All kinds of signals are initially built as two-way. Clicking to build repeatedly on the same square makes the signal one-way in one direction, then one-way in the other direction, and then two-way again. A train will not proceed past a one-way signal against its direction of travel.
Simutrans uses Path Based Signaling (PBS), which means that a train is permitted to reserve a path and proceed along this path, if the reserved path does not use any tile of any reserved path of another train. This reservation procedure happens at any stop, which can be a scheduled station halt, waypoint, or signal. Therefore, stations and waypoints seem to act as if they had invisible signals.
- (Regular) signals
- These are easy to understand and use: a train waits here until it can reserve a path to its next stop.
- A train will wait at a pre-signal unless the block immediately adjacent to the presignal is empty and the signal at the far end of that block is green. In other words, a train in block A will wait at the pre-signal entry to block B until B is empty and the signal for entry to block C also shows green.
- Long-block signals
- These are used to allow single-track sections with several stations in one line, which can be passed in both directions. As reservations are allocated from one stop to the next one (see above), without looking ahead any further, sections like these would normally lead to deadlocks.
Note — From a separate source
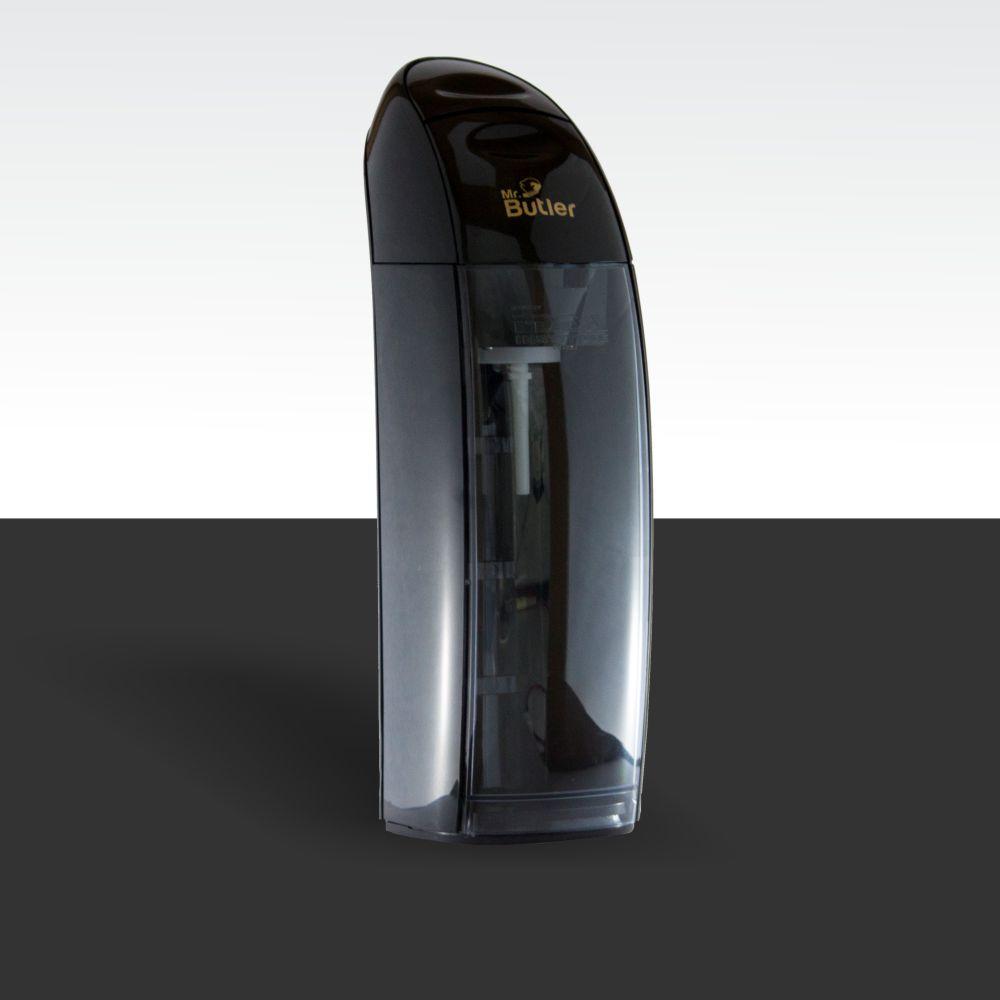 Mr. Butler Italia Sodamaker (Black) Amazon.in Home & Kitchen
Long-block signals support in avoiding these deadlocks: a train will only proceed if the entire track section up to the next signal is clear of existing reservations. (Note: the reservations are still done the normal way - from stop to stop.) In general, it is necessary to put long-block signals at all entry points of such a section, and trains/trams must not change directions in such a section (exceptions exist).
- Platform Choose signals
- A train at a platform-choose signal will choose a route to any free platform at its next station (in the schedule), and it will even try alternative routes to get there. If there is no free platform at that station, the train will wait. If the next scheduled stop is a waypoint, the train will proceed to the exact destination (x,y) point in the schedule, without trying an alternative route.
- "End-of-Choose" sign
- This creates a track signpost (and not, strictly speaking, a signal) that limits the scope of platform-choose signals. Specifically, a train will not choose a platform beyond an end-of-choose sign (exception: the exact platform that is defined in the schedule). NOTE: Do not place the end-of-choose signpost on the same tile as a signal (even if the program allows you to do so), because one of the two may be ignored.
On simple networks, when routes are set up, a waypoint should be set to prescribe whether the train should use the fast or slow loop in each direction, and rolling stock chosen to allow a corresponding running speed.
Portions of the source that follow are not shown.